Profitability ratios

Return on sales

Dec 31, 2023 Sep 30, 2023 Jun 30, 2023 Mar 31, 2023 Dec 31, 2022 Sep 30, 2022 Jun 30, 2022 Mar 31, 2022 Dec 31, 2021 Sep 30, 2021 Jun 30, 2021 Mar 31, 2021 Dec 31, 2020 Sep 30, 2020 Jun 30, 2020 Mar 31, 2020 Dec 31, 2019 Sep 30, 2019 Jun 30, 2019 Mar 31, 2019
Gross profit margin 68.64% 67.66% 67.31% 66.66% 66.80% 66.29% 66.00% 67.53% 67.88% 68.68% 69.94% 68.49% 67.83% 67.08% 66.98% 68.34% 68.12% 67.56% 66.17% 64.99%
Operating profit margin -3.27% -7.08% -8.33% -10.61% -10.38% -11.93% -11.07% -7.50% -5.03% 0.19% 5.79% 3.14% 1.91% -0.60% -0.97% -10.57% -9.55% -13.18% -18.57% -3.11%
Pretax margin -1.20% -5.31% -6.98% -9.68% -9.72% -11.55% -10.81% -7.31% -4.85% 0.40% 6.04% 3.49% 2.45% 0.12% -0.00% -9.39% -8.20% -12.68% -18.14% -3.51%
Net profit margin -1.61% -5.53% -7.39% -10.10% -10.16% -11.36% -10.60% -7.15% -4.78% 0.14% 5.78% 3.24% 2.31% 0.12% -0.00% -9.39% -8.20% -12.68% -18.14% -3.51%

Vericel Corp's profitability ratios have shown fluctuations in recent quarters.
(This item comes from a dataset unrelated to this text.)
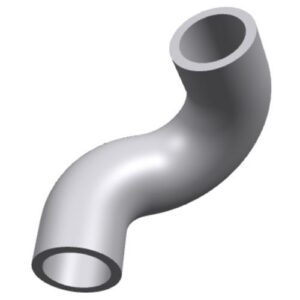 Perkins Hose T432098
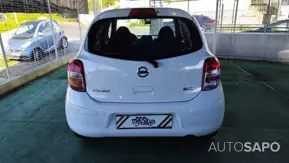 Nissan Micra 1.2 Tekna de 2012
The gross profit margin has been relatively stable, ranging from 66.00% to 68.64% over the past eight quarters, indicating the company's ability to efficiently generate profit from its operations.
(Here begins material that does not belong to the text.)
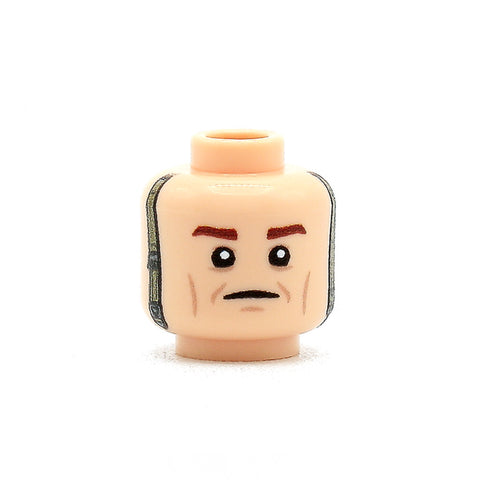 U.S. G.I. Wrap Head #05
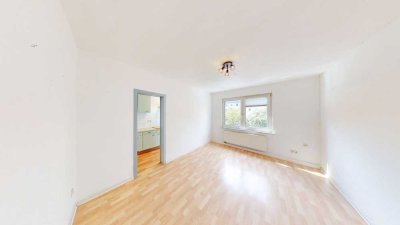 Helle gepflegte 2-Zimmerwohnung nähe Phoenix-See - ab sofort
However, the operating profit margin, pretax margin, and net profit margin have exhibited negative trends, with Q4 2023 recording the lowest values at -3.27%, -1.20%, and -1.61%, respectively. This suggests that the company has been facing challenges in controlling its operating expenses and other costs, resulting in lower profitability levels.
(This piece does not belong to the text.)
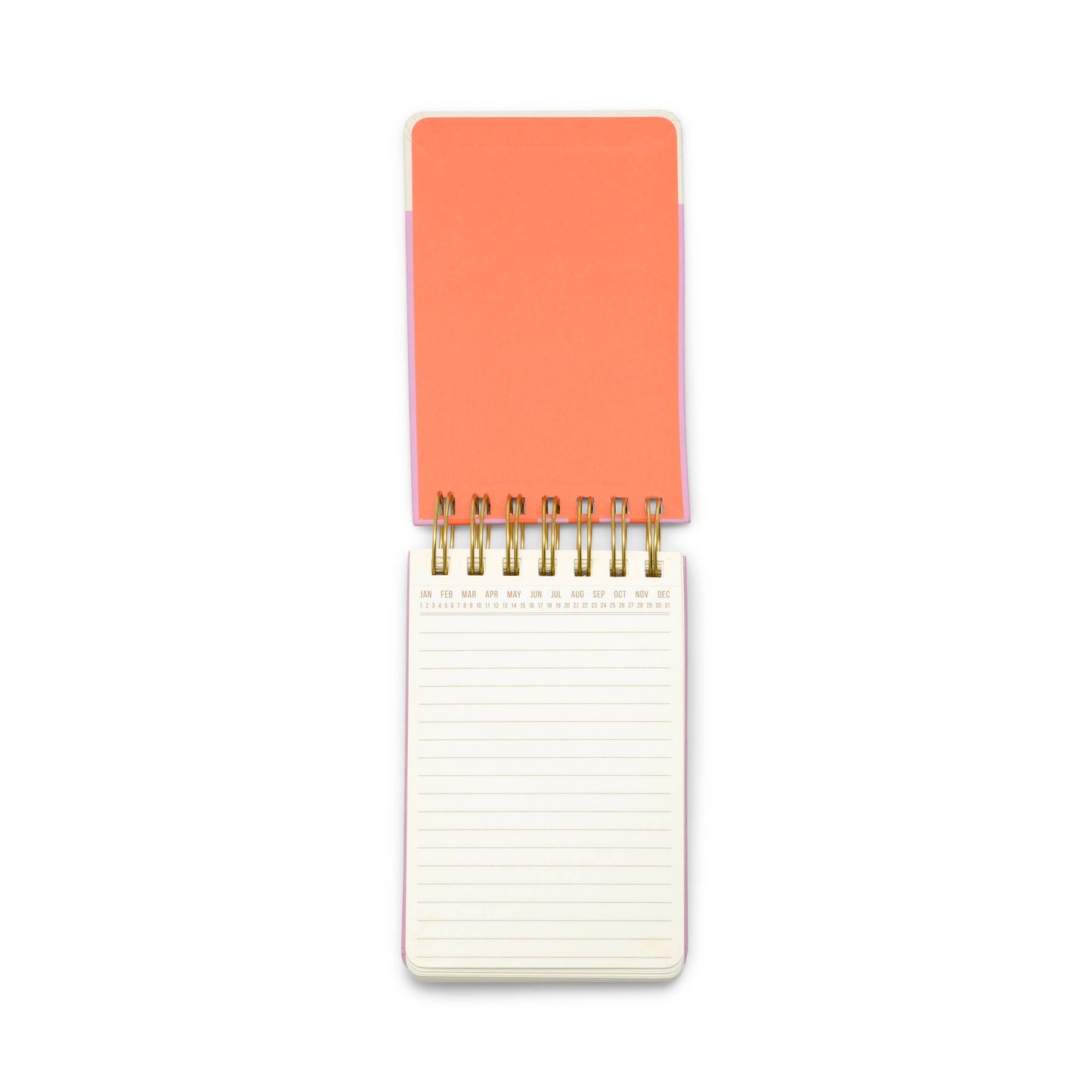 Notes Chunky Notepad - Stripes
The declining trend in profitability margins raises concerns about Vericel Corp's operational efficiency and overall financial performance. It may be imperative for the company to evaluate its cost structure, revenue generation strategies, and overall business operations to enhance profitability and ensure sustainable growth in the competitive healthcare sector.


Return on investment

Dec 31, 2023 Sep 30, 2023 Jun 30, 2023 Mar 31, 2023 Dec 31, 2022 Sep 30, 2022 Jun 30, 2022 Mar 31, 2022 Dec 31, 2021 Sep 30, 2021 Jun 30, 2021 Mar 31, 2021 Dec 31, 2020 Sep 30, 2020 Jun 30, 2020 Mar 31, 2020 Dec 31, 2019 Sep 30, 2019 Jun 30, 2019 Mar 31, 2019
Operating return on assets (Operating ROA) -1.83% -4.12% -4.78% -6.78% -6.25% -7.66% -7.02% -4.92% -3.22% 0.13% 3.95% 1.96% 1.15% -0.45% -0.77% -8.63% -7.34% -10.52% -15.02% -2.09%
Return on assets (ROA) -0.90% -3.22% -4.24% -6.45% -6.12% -7.30% -6.72% -4.69% -3.07% 0.10% 3.95% 2.02% 1.39% 0.09% -0.00% -7.67% -6.31% -10.12% -14.67% -2.35%
Return on total capital -1.63% -5.42% -6.90% -8.62% -8.12% -10.27% -9.57% -6.67% -4.45% 0.39% 6.06% 3.29% 2.27% -0.12% -0.62% -11.40% -10.13% -14.91% -21.34% -2.86%
Return on equity (ROE) -1.41% -5.01% -6.62% -8.82% -8.69% -10.18% -9.41% -6.54% -4.38% 0.14% 5.80% 3.05% 2.13% 0.13% -0.00% -10.44% -8.70% -14.36% -20.85% -3.22%

Vericel Corp's profitability ratios have shown a mixed performance over the past eight quarters. In terms of Operating ROA, the company has been experiencing negative returns ranging from -1.83% to -6.78%. This indicates that the company's core operations are not generating sufficient profits relative to its total assets.

Looking at the overall ROA, Vericel Corp's performance has also been negative, varying from -0.90% to -6.46%. This metric reflects the company's ability to generate profit from its total assets, including both operational and non-operational assets.

The return on total capital has been consistently negative for Vericel Corp, with figures ranging from -2.86% to -9.26% over the observed period. This ratio evaluates the company's ability to generate returns for both equity and debt investors.

Furthermore, the return on equity (ROE) for Vericel Corp has also shown a negative trend, varying between -1.41% and -8.82%. ROE indicates how effectively the company is utilizing shareholders' equity to generate profits.

Overall, Vericel Corp's profitability ratios suggest that the company has been facing challenges in generating profits from its assets, capital, and equity over the past eight quarters. Further analysis of the company's financial and operational strategies may be necessary to address these profitability challenges.